Had an interesting experience with Python's file buffering and wanted to know that I understand it correctly. Given

[Python 2.7 shell]

...
model = (really big Numpy model)
f = open('file.out','w')
pickle.dump(model, f)
(pickle.dump() finishes while I'm doing other things)

[Bash shell]

$ ls -l
-rw-r--r--  1 john  staff  270655488 Dec  6 21:32 file.out

[Return to Python shell]

model = (different really big Numpy model)
f = open('newfile.out','w')
pickle.dump(model,f)
(pickle.dump() finishes)

[Bash shell]

$ ls -l
-rw-r--r--  1 john  staff  270659455 Dec  7 07:09 file.out
-rw-r--r--  1 john  staff  270659451 Dec  6 20:48 newfile.out

Note file.out is now a different size.

Now, I know that Python's file buffer defaults to the system size (I'm on Mac OSX), so it seems that there were still 3,967 bytes in the file buffer while I was screwing around, and the Mac OSX file buffer is greater than that.
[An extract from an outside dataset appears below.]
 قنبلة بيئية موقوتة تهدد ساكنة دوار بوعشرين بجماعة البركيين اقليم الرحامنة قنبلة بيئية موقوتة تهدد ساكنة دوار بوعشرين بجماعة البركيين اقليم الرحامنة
What interested me was that I was forcibly reassigning the file object 'f' to another open file without actually calling f.close() (Honestly, I was just working really fast to test something else and forgot). When I looked at the file size, I half expected it to remain the same (which might mean truncating the output)

So, the question is whether this is a safe procedure. Is the file object assignment wrapped in such a way that either the Python garbage collector, or the file object itself, flushes the buffer and closes the file on such a sudden variable re-assignment even if you don't call the close() method? More importantly, is this always the case, or is it possible that the variable re-assignment actually did-- or in another situation might-- truncate that buffer before the file buffer flushed.

I guess it's really a question of how elegant and safe the file objects and Python garbage collector are when yanking objects around without appropriate destruction.

回答1:

As long as your computer does not crash, you won't lose data by not closing a file. Python does indeed close files if the corresponding file objects are garbage collected. In the case you described, the name f was the only reference to the file, so it was closed when you used the name for something else.

Note that it is good practice to close files anyway to free the system ressources allocated by the file object. In some situations you don't know exactly when a file object will be garbage collected -- for example in case of an error, a reference to the file object might be stored in the traceback object, preventing garbage collection. All files are closed when the interpreter exits.

回答2:

pickle dumps by default using is an ASCII format (protocol 0), so the length depends on the actual data. To use a binary dump you can pass -1 as version (note however that this will require the use of "wb" and "rb").